The main problem we both see with certain blogs and independent publications is precisely a lack of knowledge and professionalism. There have long been editorial standards followed by journalists and publications (and it’s on the basis of a breach of those standards that they are often critiqued). But independent publications make up their own rules of submission, publication, and advertising guidelines. This can be liberating in many ways, helping a publication innovate and ‘stand apart’, but its flip side is often unprofessionalism. We find this particularly true with regard to sourcing quality content, allowing diversity and handling submission processes.

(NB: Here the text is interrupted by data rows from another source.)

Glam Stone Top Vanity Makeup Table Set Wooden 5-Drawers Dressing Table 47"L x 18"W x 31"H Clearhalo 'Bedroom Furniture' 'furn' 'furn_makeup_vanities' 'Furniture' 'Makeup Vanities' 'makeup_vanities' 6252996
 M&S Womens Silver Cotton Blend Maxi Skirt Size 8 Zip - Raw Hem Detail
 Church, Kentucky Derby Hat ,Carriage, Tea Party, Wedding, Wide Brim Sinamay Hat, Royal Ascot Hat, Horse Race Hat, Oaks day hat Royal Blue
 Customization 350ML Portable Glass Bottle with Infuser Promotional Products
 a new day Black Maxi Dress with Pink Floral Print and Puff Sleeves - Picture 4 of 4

We get the sense that some indie magazines are run like blogging cliques, which undermines their creativity, hard work and loftier ideals. Editing a magazine properly is neither a hobby nor an exercise in nepotism – you either invest a certain level of professionalism into it, or not. It’s also not about running a high school clique of the ‘cool kids’. If indie magazines really want to provide serious counter publications to the mainstream, they must be willing to cultivate a professional attitude towards content acquisition and quality.
Blogs got going, in no small part, as a result of dissatisfaction with mainstream, traditional media. But now blog and indie publication content often has significantly less editorial integrity, with content often sourced from a limited pool of popular contributors, many of whom have little interest in writing as a profession or an art. Fair enough, some people’s talent lies in photography, illustration, design and style. And both of us admire (and frequently gasp over) their obvious talent. But the writing does count for something too, and it’s disappointing that equal energy is not devoted to it in such publications and that serious writers are turned away and discouraged.
If photographers don’t like their work being devalued and uncredited online, writers don’t like constantly playing second fiddle to visual content. Turning away writers who publish and successfully practice their art in favour of bloggers who confess to not even like writing is insulting. And it makes us feel jaded about the role we can play in both the creation and consumption of this content, much as we might admire and support the underlying philosophy.
Ultimately, we’re raising this topic because we both care passionately about independent creative work and outlets. We’re both struggling because this community we once felt part of feels increasingly like a place with little respect for the craft of writing, and that’s an alienating feeling. And if we’re feeling it, we imagine others are too, both as writers and readers. We want indie magazines and blogs to be taken seriously, and to be the best, because we have faith in them. We care as both writers and readers/consumers. And we hope you care enough to read this post with an open mind.